Moves execute_async() calls in execute_concurrent from the event-loop callback thread to a dedicated submitter thread
The event loop callback now only appends to a deque and signals an Event, reducing per-callback overhead from ~27μs to ~100ns
The submitter thread drains the deque in batches and calls execute_async(), which includes serialization — keeping that CPU work off the event loop

v2: Reduce per-request lock overhead in ResponseFuture

Second commit (7cae6a14e) reduces lock/synchronization cost per request in the execute_concurrent hot path:

Lazy Event creation: ResponseFuture._event starts as None instead of Event(). The Event is only materialized in result() (the synchronous path). For execute_concurrent, which never calls result() on individual futures, this eliminates ~620ns per request (351ns Event construction + 267ns Event.set()).
Merged add_callbacks(): Registers both callback and errback under a single _callback_lock acquisition instead of two separate lock/unlock cycles. Saves ~80ns per request.
_set_final_result / _set_final_exception: Capture _event reference under _callback_lock before calling .set() outside the lock. Skip .set() when Event was never created. Null-check callback/errback lists before building to_call tuple.
_wait_for_result(): Checks result availability under _callback_lock before creating Event — avoids Event creation entirely when the result arrived before the caller waits.
_on_speculative_execute: Checks _final_result/_final_exception directly instead of Event.is_set(), since Event may be None with lazy creation.
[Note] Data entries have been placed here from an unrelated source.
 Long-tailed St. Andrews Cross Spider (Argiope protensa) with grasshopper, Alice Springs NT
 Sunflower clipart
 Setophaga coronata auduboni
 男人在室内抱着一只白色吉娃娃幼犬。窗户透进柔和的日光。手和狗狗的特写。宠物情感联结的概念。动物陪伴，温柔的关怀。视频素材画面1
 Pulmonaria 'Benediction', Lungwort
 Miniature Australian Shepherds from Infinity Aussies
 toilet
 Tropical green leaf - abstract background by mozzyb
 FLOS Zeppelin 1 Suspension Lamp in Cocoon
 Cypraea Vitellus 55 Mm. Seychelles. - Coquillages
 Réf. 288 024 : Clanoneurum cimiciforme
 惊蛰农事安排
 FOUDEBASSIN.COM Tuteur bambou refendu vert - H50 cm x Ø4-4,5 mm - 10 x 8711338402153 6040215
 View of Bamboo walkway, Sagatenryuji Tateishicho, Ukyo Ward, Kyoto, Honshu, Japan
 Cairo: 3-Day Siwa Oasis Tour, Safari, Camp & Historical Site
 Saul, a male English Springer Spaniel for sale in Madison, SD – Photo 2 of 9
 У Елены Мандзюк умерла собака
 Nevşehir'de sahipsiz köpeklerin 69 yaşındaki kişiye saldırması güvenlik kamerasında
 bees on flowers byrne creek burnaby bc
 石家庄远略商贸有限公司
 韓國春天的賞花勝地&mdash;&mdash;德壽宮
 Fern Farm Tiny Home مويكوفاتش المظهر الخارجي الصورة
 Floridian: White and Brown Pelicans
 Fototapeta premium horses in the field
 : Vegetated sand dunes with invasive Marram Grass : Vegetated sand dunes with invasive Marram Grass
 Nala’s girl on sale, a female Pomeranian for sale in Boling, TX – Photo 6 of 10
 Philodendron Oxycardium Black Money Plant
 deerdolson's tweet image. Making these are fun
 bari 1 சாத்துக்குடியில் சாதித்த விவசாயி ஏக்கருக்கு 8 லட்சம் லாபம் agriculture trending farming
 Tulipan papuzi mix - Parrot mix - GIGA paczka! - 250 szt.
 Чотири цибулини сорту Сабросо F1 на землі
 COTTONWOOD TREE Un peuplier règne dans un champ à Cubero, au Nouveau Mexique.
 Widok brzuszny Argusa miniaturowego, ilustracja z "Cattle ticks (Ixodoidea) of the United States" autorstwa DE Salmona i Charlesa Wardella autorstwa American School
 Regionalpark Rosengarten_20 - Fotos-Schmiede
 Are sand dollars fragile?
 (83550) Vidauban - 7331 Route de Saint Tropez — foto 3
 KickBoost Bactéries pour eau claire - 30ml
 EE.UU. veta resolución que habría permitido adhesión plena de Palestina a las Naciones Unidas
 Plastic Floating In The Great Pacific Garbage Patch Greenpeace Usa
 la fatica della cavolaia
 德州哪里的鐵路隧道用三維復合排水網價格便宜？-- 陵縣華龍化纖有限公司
All changes are safe under both GIL and free-threaded (PEP 703) Python. No GIL assumptions.

Benchmark Results

On our vector ingestion benchmark (100K rows, 768-dim float32 vectors, ScyllaDB 2026.1.1):

Stock master + execute_concurrent: ~7,500 rows/s
Enhanced driver + this change: +6-9% throughput improvement (additive with Cython serializer gains)
The improvement is modest because serialization still dominates; with Cython serializers reducing serialization cost, this change becomes more impactful

How It Works

_ConcurrentExecutorBase spawns a daemon submitter thread alongside the existing callback mechanism
Callbacks do deque.append(1); event.set() — minimal work on the hot path
Submitter thread wakes on the event, drains pending count, and calls _execute_next() in a batch
Thread-safe via collections.deque (atomic append/popleft in CPython) + threading.Event
Graceful shutdown: sentinel None in deque signals the thread to exit; join() in wait()

Testing

642 unit tests pass, 0 failures
All 10 existing test_concurrent.py unit tests pass
Tested with real ScyllaDB cluster under sustained load (100K+ inserts)

Cache lookup_casstype_simple() and parse_casstype_args() with @functools.lru_cache() to avoid repeated string manipulation and regex scanning when the same type strings are resolved multiple times (common during schema parsing and query result deserialization). Also fixes an unused variable warning (prev_names -> _). Includes a pytest-benchmark comparison (cached vs uncached).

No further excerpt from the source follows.